Supercilious raises eyebrows

Supercilious is an adjective used to describe the haughtily disdainful or contemptuous either as a person or the facial expression that characterises it.

Supercilious is a word that shows that word-makers have always had a sense of humour. The word, supercilious, came into English in the early sixteenth century from the Latin word, supercilium, meaning haughty demeanour and pride. However its literal meaning was eyebrow from super, meaning above and cilium meaning eyelid. It comes from a description of the raised eyebrow that is an expression of arrogant contempt or haughty superiority.

When I think of supercilious my mind always conjures up a character from Jane Austen or the Bronte sisters, accustomed as they were to mingling with the haughty aristocracy of Regency England. A little search through their works yields quite a few passages—which follow, with a little abbreviating—that give a strong sense of superciliousness.

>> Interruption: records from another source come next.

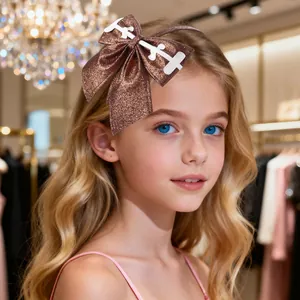 Detail of brown glitter bow headband featuring a stylish white decorative emblem
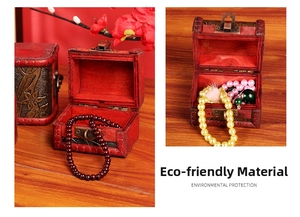 Macro shot of vintage wooden jewelry box with antique metal clasp and soft red velvet lining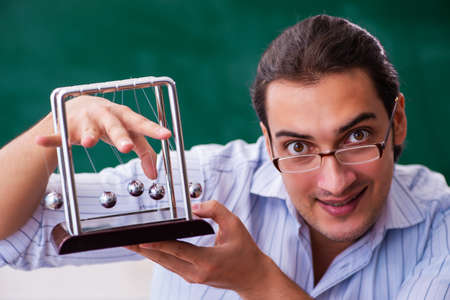 Young male teacher physicist in front of blackboardの写真素材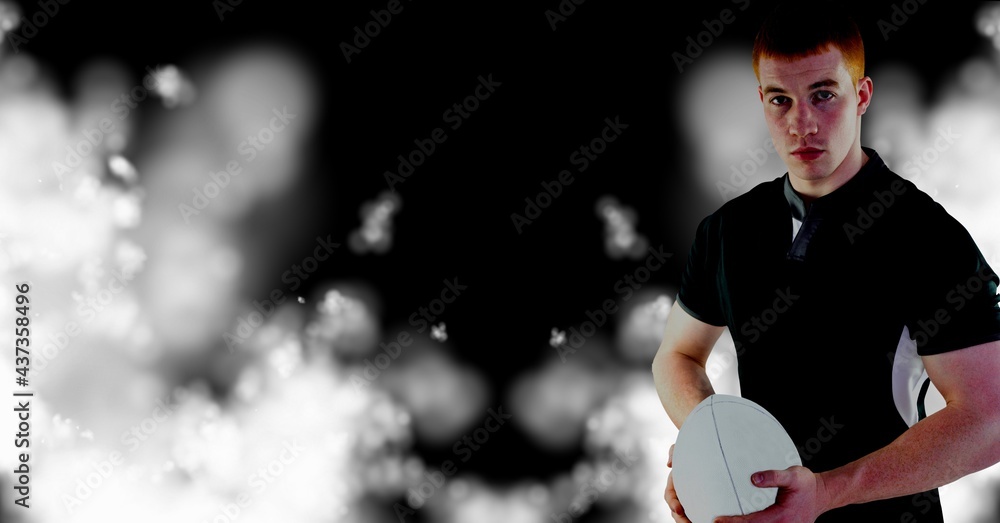 Compostion of caucasian rugby player holding ball on black background with white blur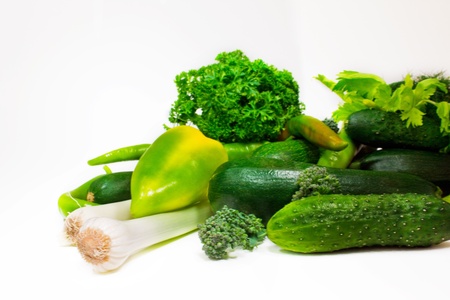 Fresh green vegetables isolated on whiteの写真素材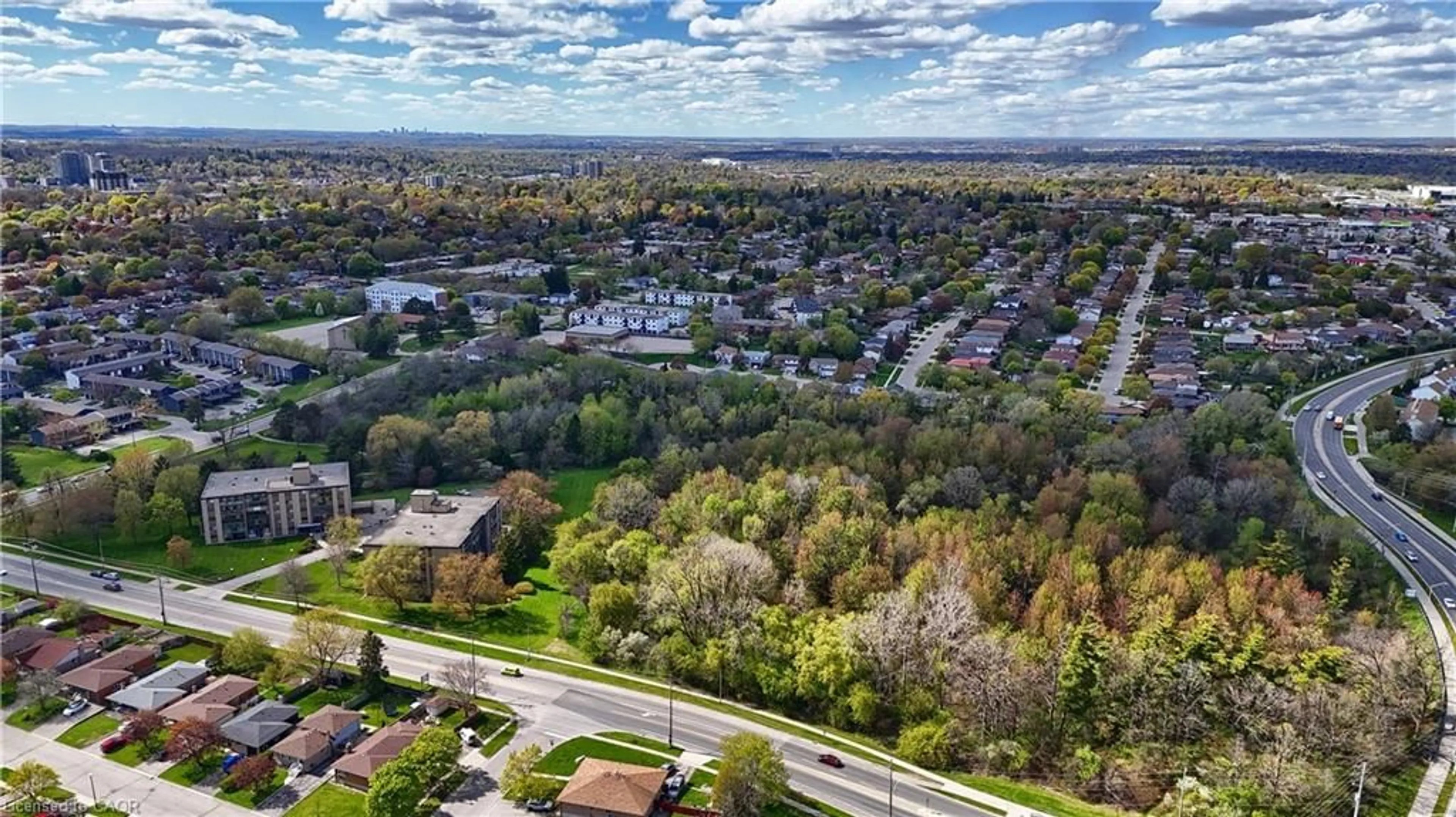 A pic from outside/outdoor area/front of a property/back of a property/a pic from drone, unknown for 400 Champlain Blvd #404, Cambridge Ontario N1R 7J6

I have accompanied the passages with some of our favourite supercilious Australians.​

Alan Jones never less than totally supercilious

Jane Eyre by Charlotte Bronte

Blanche Ingram, after having repelled, by supercilious taciturnity, some efforts of Mrs. Dent and Mrs. Eshton to draw her into conversation, … had flung herself in haughty listlessness on a sofa …

Agnes Grey by Anne Bronte

Besides the old lady, there was another relative of the family, whose visits were a great annoyance to me – this was ‘Uncle Robson,’ … He seldom deigned to notice me; and, when he did, it was with a certain supercilious insolence of tone and manner that convinced me he was no gentleman: though it was intended to have a contrary effect.

Paul Keating known to be this supercilious

Jane Eyre by Charlotte Bronte

What sort of a person is Miss Wilson?’ she asked.

‘She is elegant and accomplished above the generality of her birth and station; and some say she is ladylike and agreeable.’

‘I thought her somewhat frigid, and rather supercilious in her manner today.’

The Tenant of Wildfell Hall by Anne Bronte

As for Richard Wilson’s sister … shortly after the death of her mother she … took lodgings in – the county town, where she … lives … in a kind of close-fisted, cold, uncomfortable gentility, doing no good to others, and but little to herself; … loving no one and beloved by none – a cold-hearted, supercilious, keenly, insidiously censorious old maid.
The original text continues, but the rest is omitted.